Superior National is not the only golf course that finds itself in the rough. Last week the Two Harbors City Council held a special meeting to discuss the state of the city’s Lakeview National Golf Course. At that meeting the consensus was that Lakeview is in bad shape. Sunburned greens and tee boxes led to closing nine holes, further restricting golf course revenues.
 
Supporters of Superior National Golf Course in Lutsen have been to the Cook County Board on more than three occasions to argue for a new management plan and financial commitment to help with marketing and failing infrastructure. Superior National is owned and operated by the city-county Joint Economic Development Authority.
 
According to a report in the Lake County News-Chronicle, Lakeview’s groundskeeper Nate VanSanten told the Two Harbors council members a break in the irrigation system at the course led to burned greens and tee boxes when not enough water could be put on the course to keep up with the hot July weather. He said he tried to order new parts but was told by the supplier that past unpaid bills would hold up delivery. It took nearly two weeks to fix the problem and by that time, the turf damage was done.
 
According to Superior National spokesman Mark Sandbo, the irrigation system at Superior National needs replacement and extension. He told county commissioners recently that the traps were closer to gravel traps than sand. Superior National supporters blame poor management by the EDA, insufficient infrastructure investment and a declining marketing budget for a steady decline in rounds played over the past ten years.
 
In the case of Two Harbors, the city can’t operate the course at a profit and its options for paying for a bond on the property and the fixed costs are running out. City administrator Lee Klein sai
 
Lakeview revenues are down $150,000 from the break-even point on a course that should pay for itself. The city would need to find more than $250,000 to keep the course running next year and August greens fees were down 50 percent and are 20 percent down for the year.
 
According to the Superior National application for 1% sales tax funding, they are asking for a minimum of $1.2 million and a maximum of $1.8 million for golf course capital improvements. In addition to 1% money, the group wants the county to commit to $50,000 per year for 10 years with a visitor’s bureau match to cover marketing costs.

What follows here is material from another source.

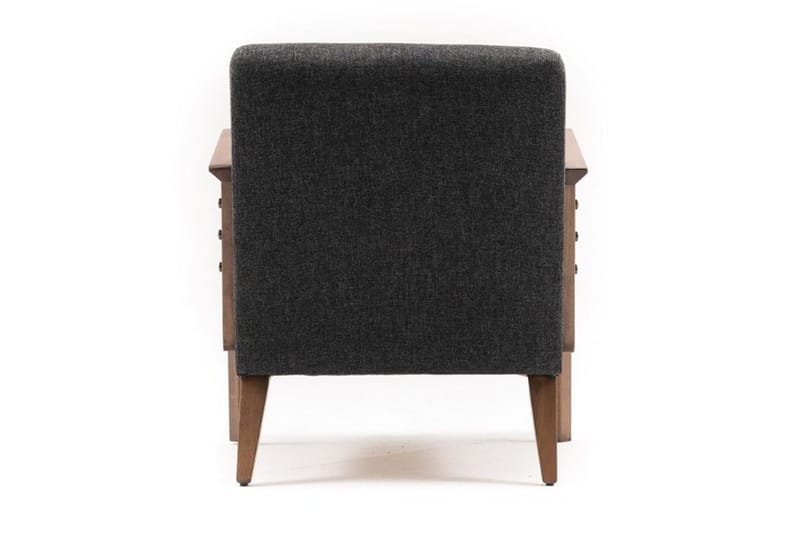 Barrion Fåtölj med Armstöd - Grå - Möbler - Vardagsrum - Fåtöljer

They are also asking for a loan to pay off the outstanding revenue bonds of $460,000.
 
Declining rounds and revenues are not unique to the Lake and Cook County golf courses. Hundreds of courses are slated to close this year and many more may be switching to fescue grass to save money. According to a report in the Wall Street Journal, fescue requires less watering, mowing, fertilizer and pesticides. Whether or not the concept of brown as the new green will help Lakeview and Superior National out of their financial holes is problematic. Both need more golfers and more marketing to bring players to their respective links.